Recently, when I was in Houston to attend the annual convention of the American Association of Clinical Endocrinologists, I took the opportunity to get tested on the VENDYS device made by Endothelix Inc., which measures vascular endothelial dysfunction. My arteries are fine, thanks in large part to following a low glycemic diet for the past 14 years. My diet is now very low-carbohydrate, but that means it’s low glycemic in spades.

Most Americans, on the other hand, start their day with a breakfast cereal, and many of us choose Corn Flakes. I don’t have the U.S. statistics. But about half of the people in the U.K. eat cereal for breakfast, and “Kellogg’s Corn Flakes is the U.K.’s and Europe’s number one breakfast cereal.”

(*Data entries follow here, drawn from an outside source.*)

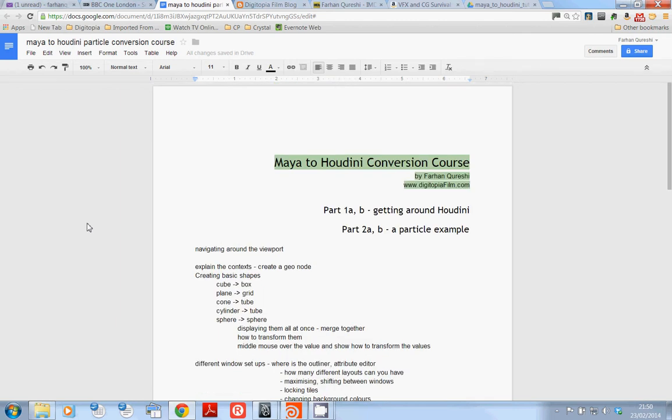Hi everybody, welcome to the Maya to Houdini conversion course. My name is Farhan, I will be running you through some very straightforward considerations that you're going to have to go through as you switch from Maya to Houdini.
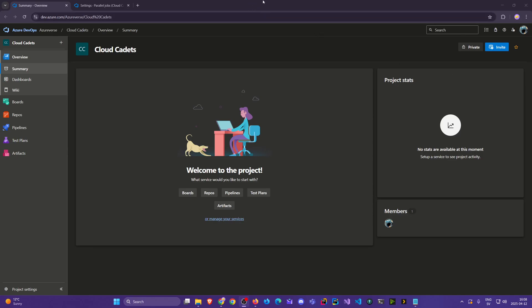Welcome back Cloud Cadets. In this video, we're going to continue from what we discussed at the end of the last video about agents and parallel jobs.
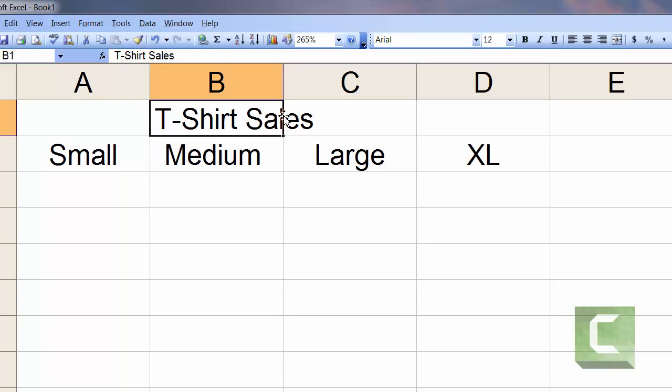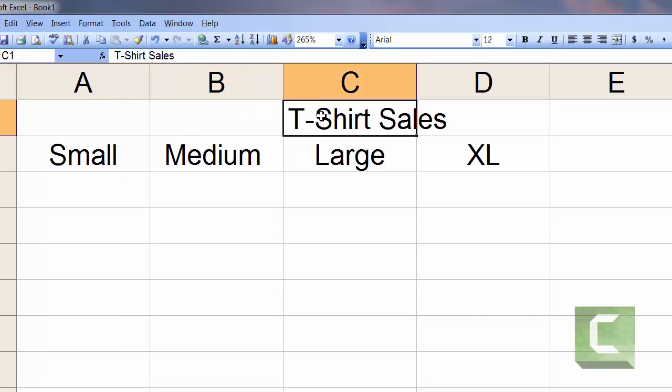Let's try to move this again. Go to the side, click and hold your left mouse button, move it over, and now it's right of center. How do I get it right in the center of columns B and C?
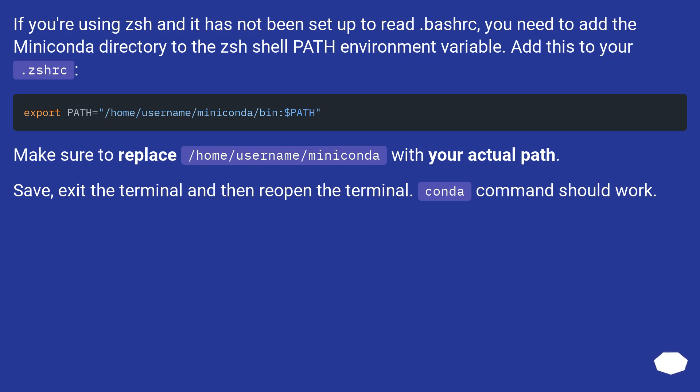Save, exit the terminal and then reopen the terminal. Conda command should work.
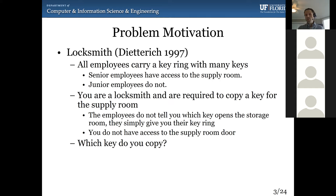The employees do not tell you which keys open the supply room; they just simply give you their key ring. So you have a box of key rings from the senior employees and a box of key rings from the junior employees. How would you go about determining what sequence of steps, what algorithm, what process would you follow as a human to identify which key to declare as the storage room key? I'll let you guys ponder that for a couple of minutes. You can unmute yourself and let me know what you think.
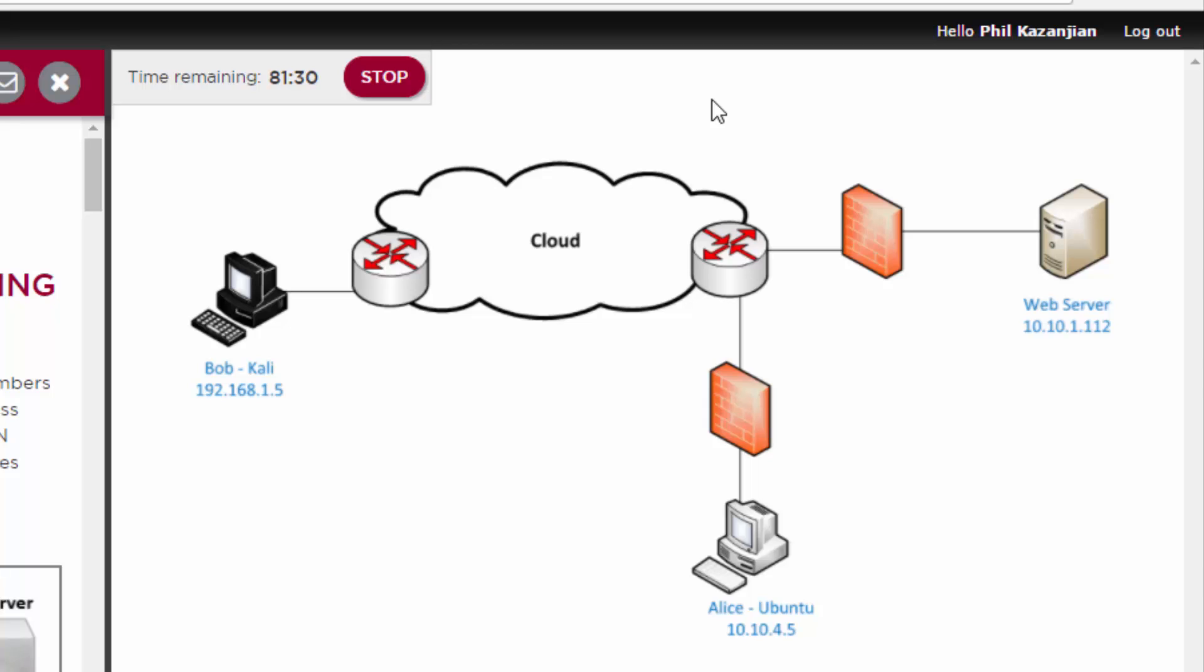This section is called executing a SYNAC attack using HPing 3. We learned in the previous section that our stateless firewall was allowing bogus communications to pass through it and reach the web server.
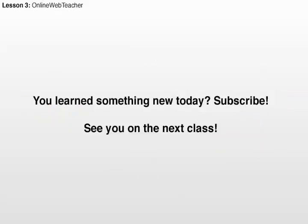So, this is the end of this third lesson. I hope you enjoyed it. And if you learned something new, I suggest you to subscribe. And if you do subscribe, I see you on the next class. So, thank you very, very much for watching, and goodbye.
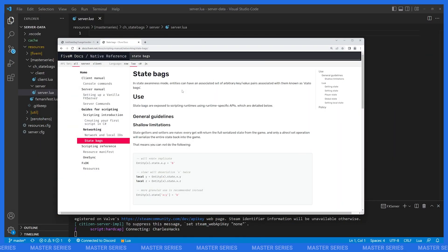Hello everyone and welcome to the first video in my new series called the Master Series. In the Master Series we're looking at some more advanced features and functionality of FiveM — things you might not be aware of or know how to use well. We're going to do a deep dive into these topics and see how you can use them in your projects, your resources, and your servers.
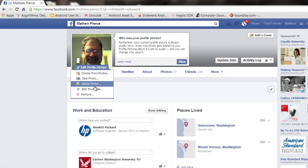Hi, I'm Matt and I'm going to show you how to center profile pictures in Facebook. First thing you need to do is log into Facebook and once you get in here, click on edit profile.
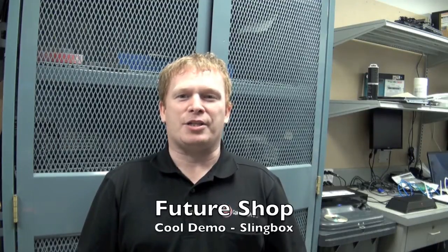Hey, how you doing? It's Pat from Niagara Falls Future Shop here to do a cool demo today. We're going to do it on the Slingbox Pro HD.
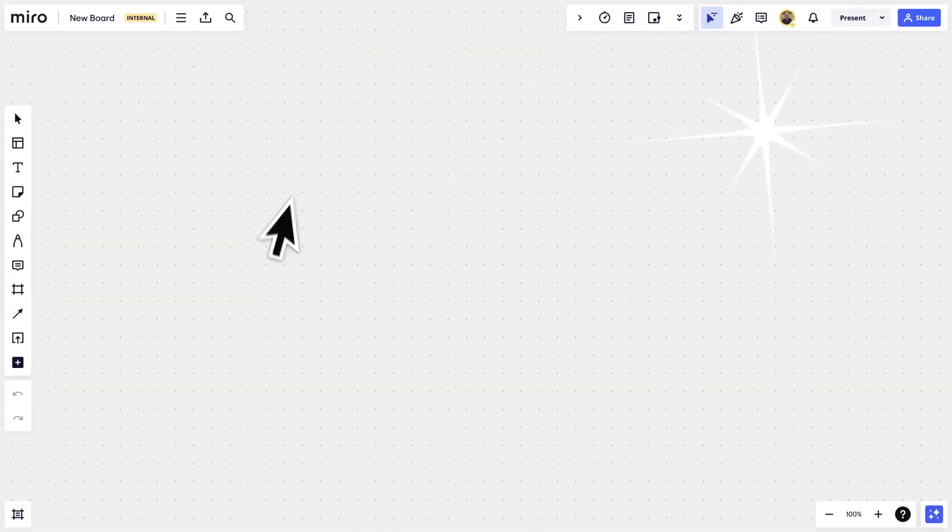Nothing like a fresh canvas in the morning. What will you do with your first board? I need to host a retro and gather feedback after our last sprint. I'm hoping to use the board to organize a new project and kick off with the team.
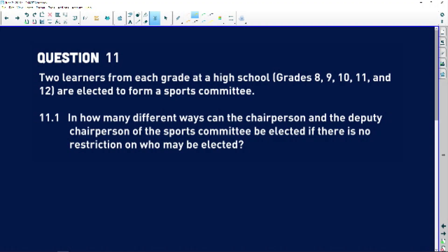Question 11 is still probability, but it's when we start looking at fundamental counting principles. So let's take a look.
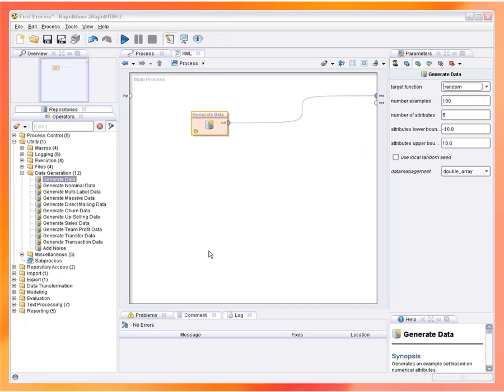Please note that the connections of this operator were automatically added, which is only possible since RapidMiner continuously analyzes the process and checks for possible connections and potential errors.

Corn Flakes cereal has a high glycemic index, approximately 80 on the scale where glucose is 100. Dr. Shechter and his associates divided the 56 volunteers into four groups, comparing their responses on Corn Flakes, glucose, a high-fiber cereal (GI of about 40), and water.

Unless you prefer pure glucose, Corn Flakes cereal is perhaps the fasting way to spike your blood glucose levels. We knew that, but now we also know that high glycemic foods, like Corn Flakes cereal, are some of the best ways to damage our hearts.

This article is based on an earlier version of my article published by HealthCentral.